デケェ身体に伏線が詰まった百沢雄大という男
ハイキューとは人生だ
「おいおい待て」と「百沢雄大の話はどこだ」と。
まあそう焦らないでおくれよ。
今からハイキューに込められた人生の一つ、百沢雄大を語ろうじゃないか。
百沢雄大 201cmという恵まれた体躯を持った角川高校期待のエース。
烏野高校と相対するのは春高予選、扇南高校を打ち破り勢いに乗る古豪烏野に待ったをかける対戦だ。
だが結果は敗北――――
201cmの巨体は164cmに阻まれることとなる。
しかし、その敗戦は必ずしも百沢に苦い経験を植え付けるものではなかった。
どういうことか?教えてもらったのだ、主人公 日向翔陽に。
今までどんな相手も2mという巨躯によってねじ伏せてきた。それは言ってしまえばその身長に胡坐をかいた向き合い方だ。「身長が高ければ技術なんて関係ない」そう思っていた百沢は「バレーって単純っすね」とこぼす。

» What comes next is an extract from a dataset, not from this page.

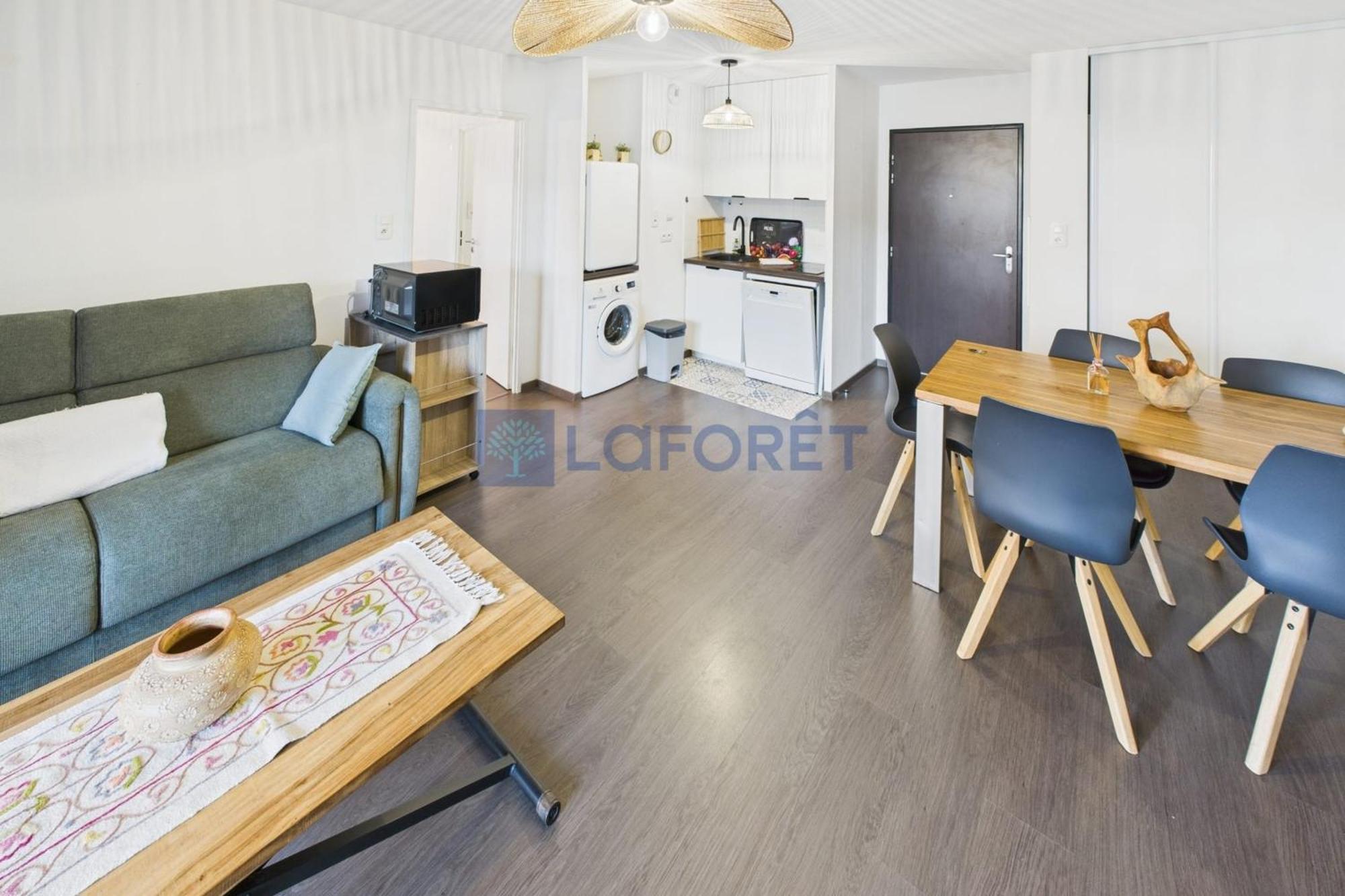 A Ajaccio T2 Climatise Avec Wifi Et Parking Appartement Ajaccio (Corsica)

しかしそうではなかった。烏野高校は高さに対抗する武器として日向翔陽のマイナステンポと、人数をかけたシンクロ攻撃で百沢を追い詰める。そこには百沢にとって未知の世界が広がっていた。「バレーが"単純"って言ったこと 取り消しますね」
百沢雄大がバレーと向き合った瞬間だ。
次に百沢が登場するのは宮城県選抜一年生合宿だ。
指揮を取るのは名将鷲匠鍛治。高さとパワーを愛してやまない御年71歳の大ベテランだ。選ばれる面子も例外ではなく五色工、国見英、金田一勇太郎、黄金川貫至とかなり身長にウェイトを割いた人選であることが伺える。もちろん宮城県でもトップの身長を誇る百沢雄大もメンバーに名を連ねることとなった。
選ばせにやってきたポジションボール拾いこと日向翔陽が合流するトラブルもありつつ、鍛治君と発案者の穴原監督を交えて練習が進んでいく。

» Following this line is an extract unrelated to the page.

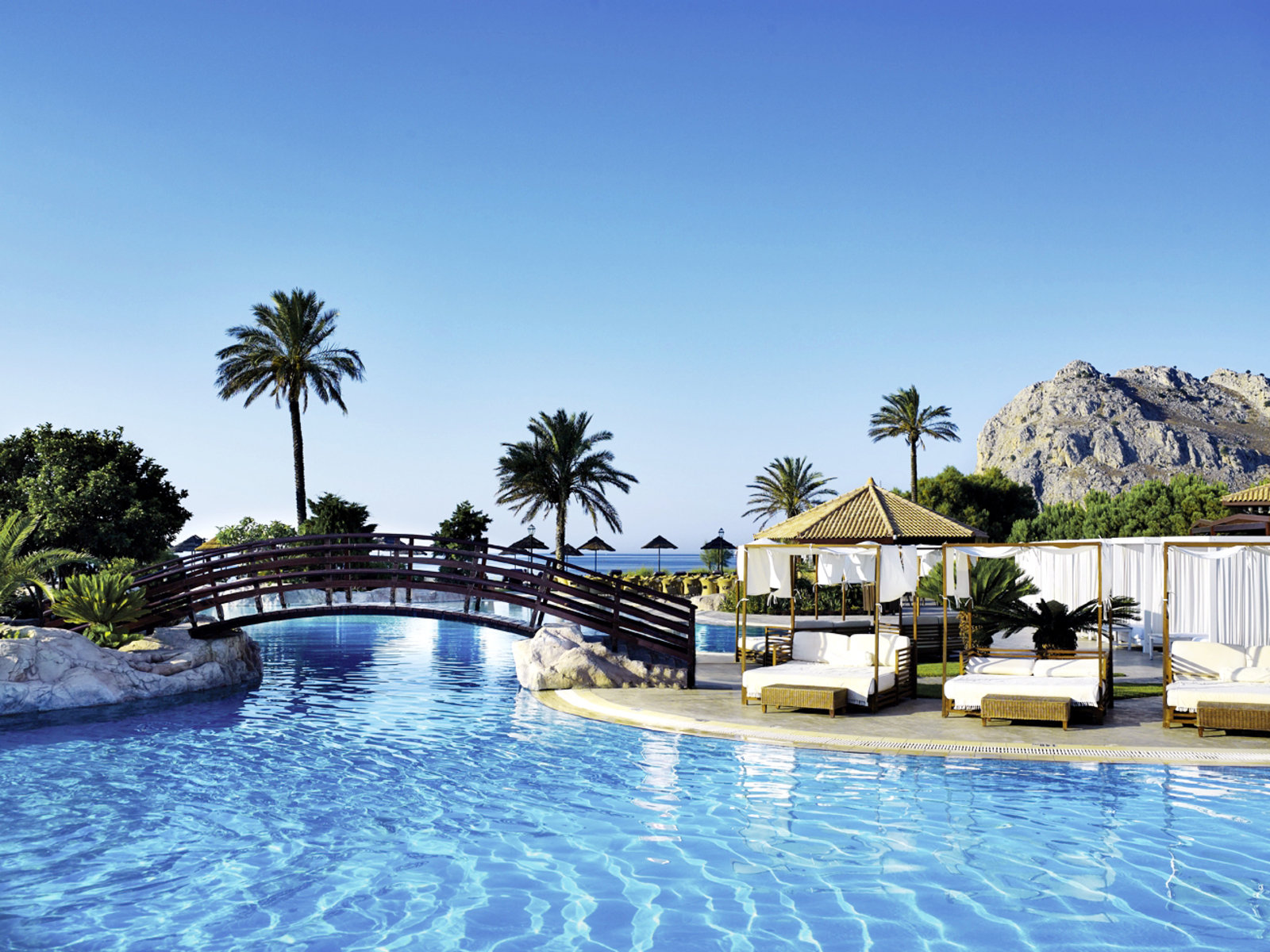 TUI, World of TUI, Berlin, Reisebuero, Rabatte, Angebote, Deals, Strandurlaub, Sonne, Meer, TUI Hotels, ROBINSO, SENSIMAR, MAGIC LIFE, best FAMILY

ここで百沢雄大に暗雲が立ち込める。2対2はいつも百沢を助けてくれるチームメイトがいない、つらく苦しい練習だった。
「俺は一体レベルいくつで」「レベルアップするにはあといくつ経験値が必要で」「コイツらは一体レベルいくつで」「2対2に推奨されるレベルはいくつで」「コイツらに勝つにはどんな技を覚えればいい?」
目の前にステータスはなく、できない事実が重くのしかかる。
苦しい。もう止まってしまいたい。そう思った瞬間からの、一歩。
現実はゲームのようにヒントを与えてはくれない。できない苦しさは挫折に繋がる。しかし百沢雄大には、日向翔陽が与えられた。
百沢は日向翔陽によってバレーの面白さに気付かされ、そしてできる喜びを与えられた。
月島のブロックのように、日向のレシーブのように、劇的でなくとも、百沢雄大がバレーにハマった瞬間だ。
ここから先、しばらく百沢雄大が出てくることはない。
しかしてその存在を感じないのかと言われれば、全くの否である。
まず真っ先に百沢の存在を感じるのは稲荷崎との戦いだろう。
一年生合宿で得た視野の広さを武器に、日向翔陽は強豪稲荷崎の連携と五大エース尾白アランからレシーブをもぎ取る。そして速攻の仕掛け合いになったこの試合で、誰しもが早さに囚われていた瞬間に"楽"をもたらした。
百沢が日向翔陽に与えられたように、日向翔陽もまた百沢によって加速する。いや、この場合は減速か。
百沢の存在は稲荷崎戦だけに留まらない。
続く準々決勝、破竹の勢いで名を上げる鴎台との一戦。超高校級のエース。現代の小さな巨人、星海光来擁する鴎台高校は全国でもトップレベルのブロックチームだ。そこには百沢に並ぶ203cmという体格を有した白馬芽生がいた。観戦する大将優が疑問を抱くほどの落ち着きで2mと対峙することができたのも、春高予選で百沢という壁と戦ったことがあったからに他ならない。日向翔陽のみならず、烏野高校全体のチームレベルをも引き上げていることが窺える。
次に百沢が登場するのはVリーグ編だ。
22歳になった百沢はDivision1のチーム大日本電鉄ウォリアーズのMBになっていた。なんということだ。一時は「バレーって単純っすね」などと言っていたあの百沢がバレーを職業にしているだけでなく、日本でもトップクラスのDivision1でプレイしているではないか。日向翔陽が与えた影響は計り知れない。この時登場するシーンでも日向翔陽を見て汗をかいている。今も刺激を受けている。どこまで成長するつもりだ。
最後に百沢はオリンピックの日本代表として現れた。
日本代表!??!??!??!?!
妖怪世代の二大巨頭、百沢と白馬の2m二枚、なんと心強いことか。
星海光来が「今日も活躍してくれよ巨神兵~」と言わんばかりの表情で背中を押す。世界、百沢を見てくれ。
ハイキューとは人生だ。
「ハイキューで人生に大切なことをいくつも学びました!」みたいな話ではない。ハイキューとはそれぞれの人生そのものなのだ。
主人公 日向翔陽の視点から描かれたハイキューには、その恵まれた体躯からプレイを始め、バレーにハマり、国の代表を務めるまでに成長した百沢雄大という男の人生が隠されていた。いや、デカすぎて隠れてないぞ。